離婚の際のお金の話は,話し合いを行う場合には,自由に進めることができるのが基本です。そのため,離婚に至った原因や夫婦の財産状況(負債の方が多い場合・財産があまりない場合等)・その他さまざまな事情を踏まえて,どのように清算するかを決めることも自由なのが原則です。不貞行為が発覚したことを理由に,無理に書面にサインをさせた場合には,後で書面による合意の有効性が問題になることはありえます。
ただ,財産分与をはじめとして,離婚時にどう取り決めるかは自由です。親権者の指定のように,親権者変更の際に,離婚時の話し合いの状況等が当然に考慮されるわけでもありません。家庭裁判所での手続きの場合には,財産清算の話には,清算以外の要素が当然には考慮されない点は頭に入れておく必要があります。財産を築く過程での例外的な修正要素といえるだけの事情があるかどうかは,単に不貞行為があった以外の点も含めて問題になるものと思われます。
その他(清算としての財産分与以外)の意味合いはどうでしょうか?
先ほどは,夫婦で築いた財産の清算の話以外にも,離婚後の生活保障や慰謝料の要素があるとされています。財産分与の要素についての話です。慰謝料については,有責配偶者の場合には,自身が慰謝料の支払義務を負う点が出てきます。他に何か慰謝料の支払いを求めるような要素があるかどうか・不貞行為の内容その他等も考慮要素になりますので,実際どこまでの影響かはともかく,何かしらの影響は出てきます。ただ,離婚時の慰謝料請求との兼ね合いで調整をすれば,それ以上の考慮はあまりないように思います。

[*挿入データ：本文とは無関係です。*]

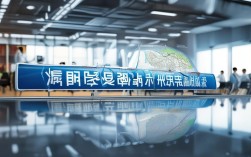 湖南新增一例本土确诊，湖南新增一例本土确诊病例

それに対して,離婚後の生活保障についてはどうでしょうか?離婚前の婚姻費用(生活費)については,有責配偶者からの請求を信義に照らし制限をする裁判例が存在します。ただ,明確に有責配偶者であることを要するなどとして,請求の制限はそう簡単にはされないように思われます。
離婚後の生活保障も同じように考えるならば否定的に考えていくように思われます。現状年金分割(離婚時年金分割)の制度が設けられた(老後の生活保障を行う制度趣旨)こともあって,あまり問題になるケースはないように思います。実際に文献(例えば,「離婚に伴う財産分与:松本哲弘著・新日本法規出版12ページ)や裁判例の中では,そうした見解が多数とされています。
そのため,財産の清算はともかく,財産分与で請求を受けることに対して主張すべき点は主張をしていくことになるでしょう。